Back to Zubrowski. Because he has kids making small cakes (6 Tbsp of flour in each one), we can use that to discuss the concept of scale-up. Because he has kids comparing recipes that have been altered by one change at a time, we can discuss experimental design and controls. There are several activities where mixtures of different quantities are compared, so the importance of measurement and careful replication is demonstrated. Different brands of baking powder are compared: since these will, of course, have different prices, there's a nod to economics and to variations in quality control from different suppliers, which Dad-the-process-engineer is really going to appreciate. A suggestion that the child try making a baking soda cake with orange juice leads me to think the child ought to be able to design his own recipe based on what he's learned from the previous experiments.

Gas collection systems begin with crude balloons-on-bottles but progress to the child's building a gas generator and a collection system in which the volume of gas can actually be measured. (Here's where I'm going to go the extra mile and get some lab equipment -- no need to bore holes in rubber balls stuck in the necks of jars when I have access to online retailers that will sell me value-priced two-hole stoppers and Erlenmeyer flasks). The child is encouraged to try several activities that demonstrate the properties of the gas. "Experiments?" No! Zubrowski writes, "Just what is this gas? Is it plain old air or does it have special properties?... One of the jobs of a chemist is to find out about things like this. Scientists have developed all sorts of tests for substances to find out exactly what they are. Here are some you can try." He goes on to tell how the child can demonstrate that the gas doesn't support combustion, is heavier than air -- a chance to explain molecular mass! -- and dissolves in water to form an acidic solution). And then, rather than claiming that all these tests prove it's carbon dioxide, he warns the reader "You would need to do other tests to establish this fully..." (Guess what. I can buy saturated lime water online. Problem solved.)

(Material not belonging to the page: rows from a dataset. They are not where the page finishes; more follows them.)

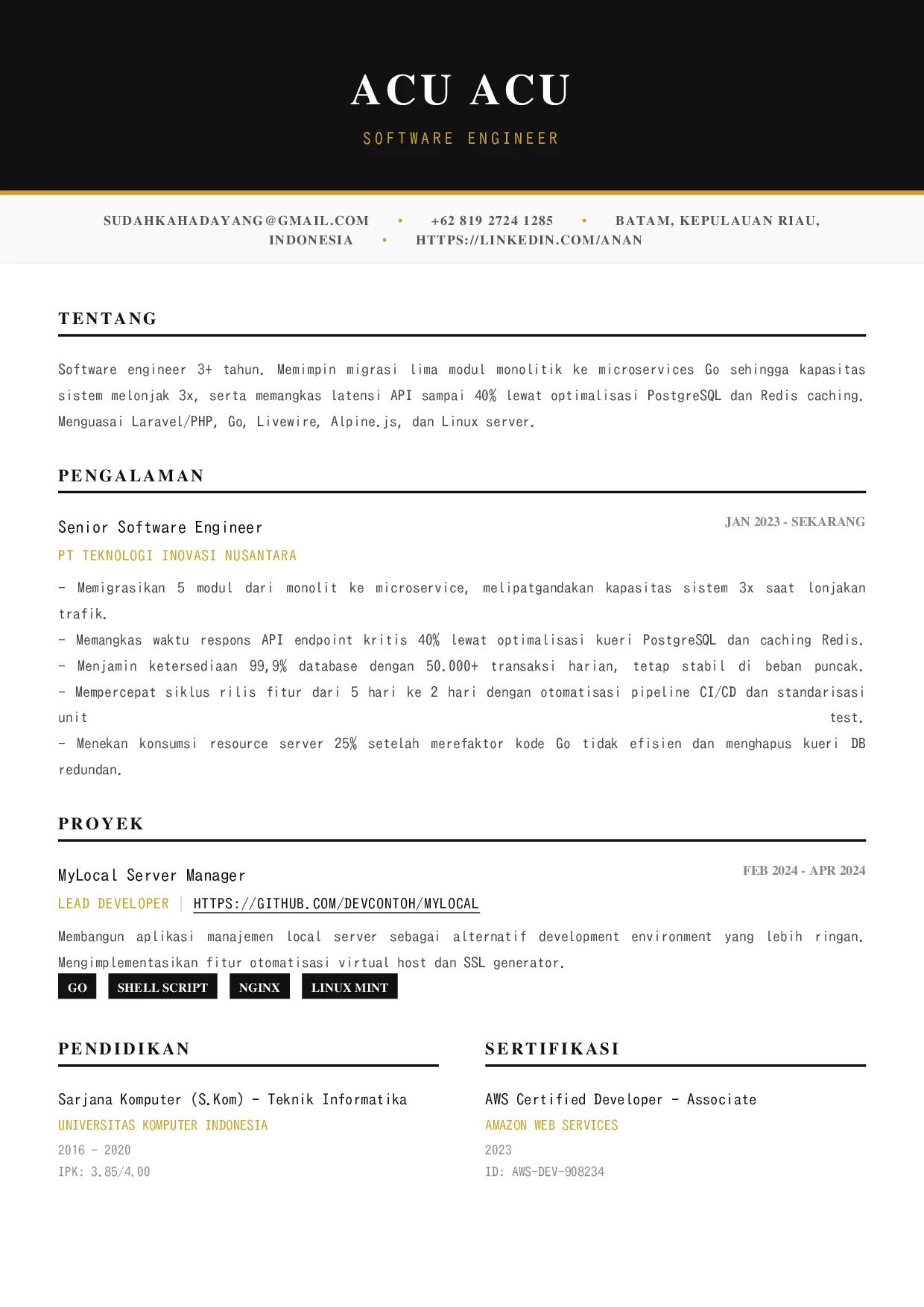 Template Executive Bold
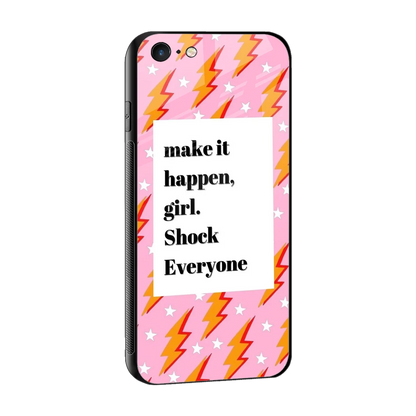 Shock Everyone sleek iphone 6s cover with tempered glass back and TPU edges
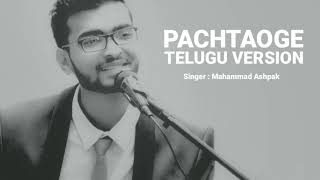 Pachtaoge song with lyrics full video telugu version 😍😍 [upl. by Aydin305]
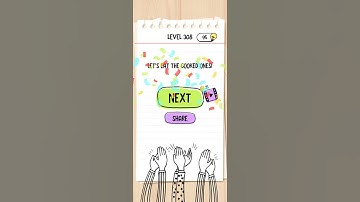 Brain Test Level 308 Which egg is raw?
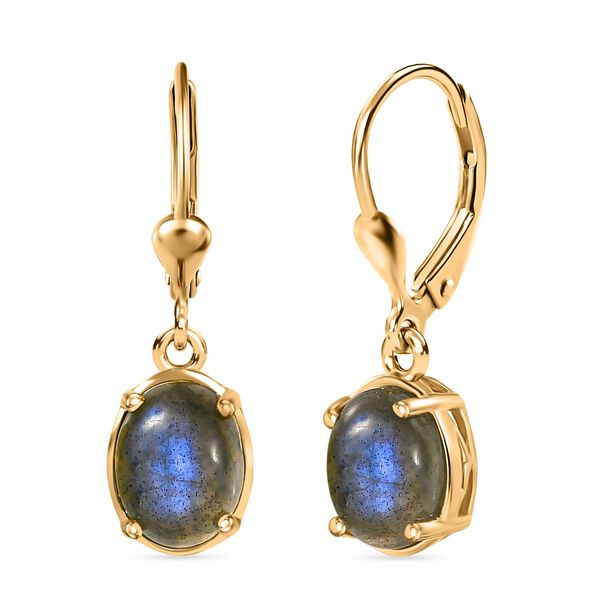 D'Joy AAA Labradorit Ohrringe 925 Silber 750 Gelbgold Vermeil ca. 3.83 ct image number 0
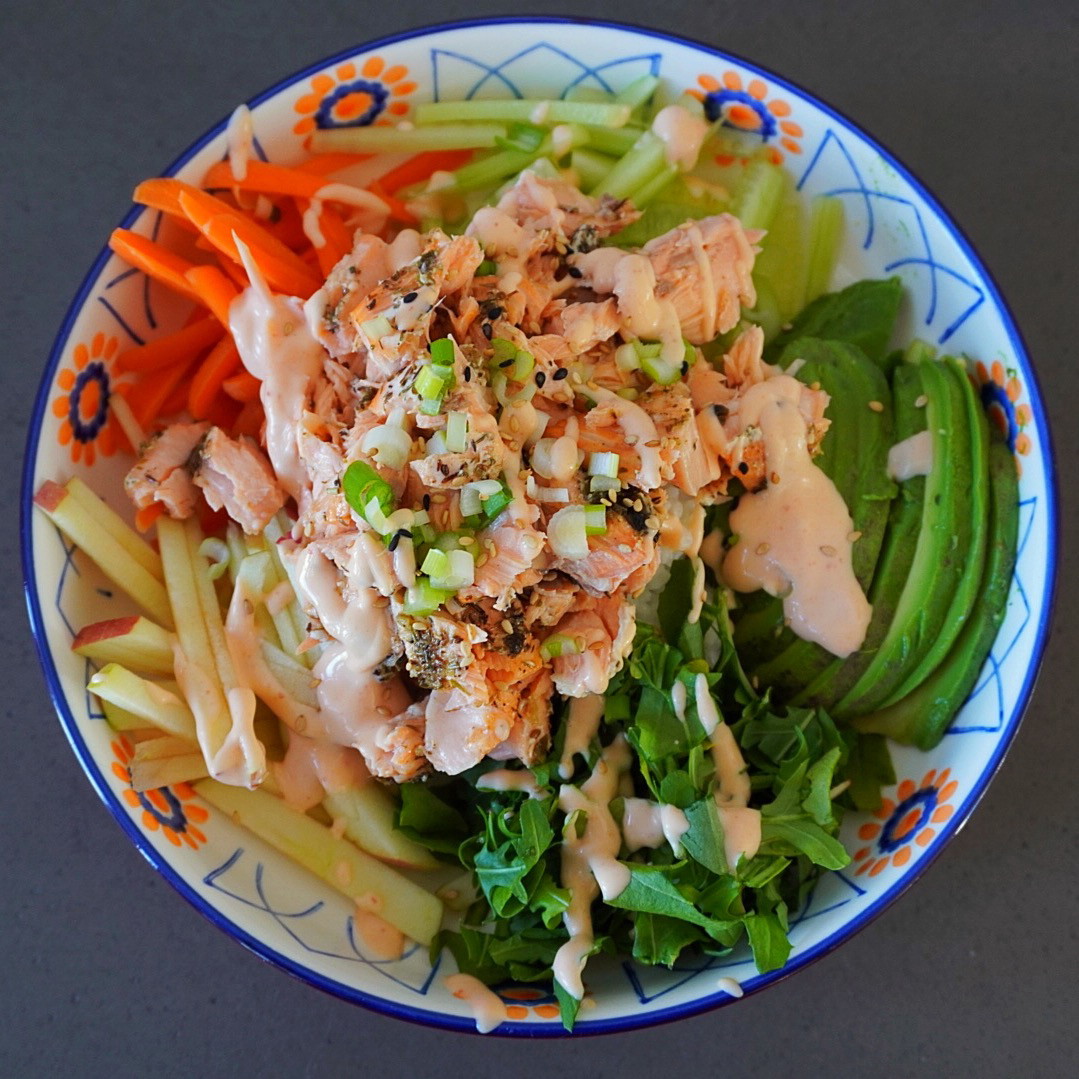 Poke Bowl Au Saumon Cuit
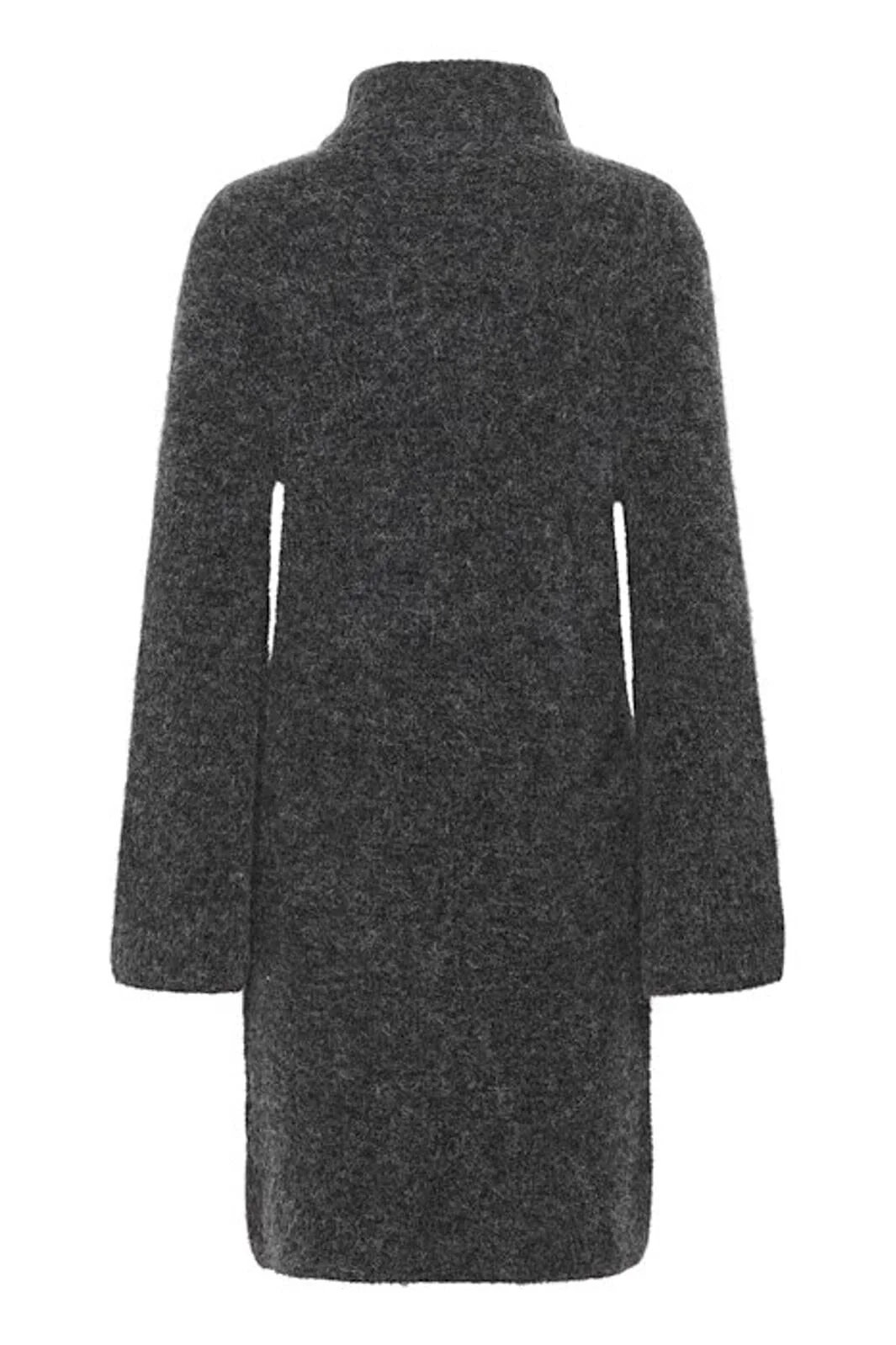 Gestuz Alphagz Rollneck Dress 106286 charcoal melange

Why does the language matter so much to me? It reminds me a little bit about my philosophy towards child discipline. With discipline responses, the most important thing to me isn't whether a given technique, or way of explaining things, "works" (appears to give immediate results). I obviously don't want to choose things that turn out NOT to work, but not just anything that appears to "work" will do. Ultimately, I choose techniques and language that I am comfortable using: language and actions that communicate the truth, namely, that the child is a human person deserving of respect while learning, AND that I as his parent have a real, natural, and just authority over him, AND that I expect him to learn to comport himself more and more as he gains experience and maturity. If I can't find something that meets both those criteria (truth and effectiveness), I'm going to do my best to try to come up with one, and in the meantime I err on the side of truth over apparent effectiveness. Because I believe that the truth IS effective, even if it seems to take longer than, say, duct-taping a kid's mouth shut.

For the same reason, I need to use books that use language I can stand to hear. Language that isn't dumbed down so much that it no longer accurately describes what's physically going on.

So... even though Exploding Color Changing Slime may appear to get kids interested in science, really it only demonstrates that kids are interested in exploding color changing slime. Which is not representative of "science." I'd rather introduce children to what workaday science really means: observation, measurement, recording, communicating, repeating and repeating and repeating, calculating, predicting, testing. It is not, perhaps, as impressive; it perhaps will not produce wide-eyed wonder, at least not right away. But it is true, and I think there is a special kind of quiet fascination that some children can find in the thought: I can do this. I can discover this. I can measure this. I can find it out for myself. It takes longer to develop, but I think it will stick.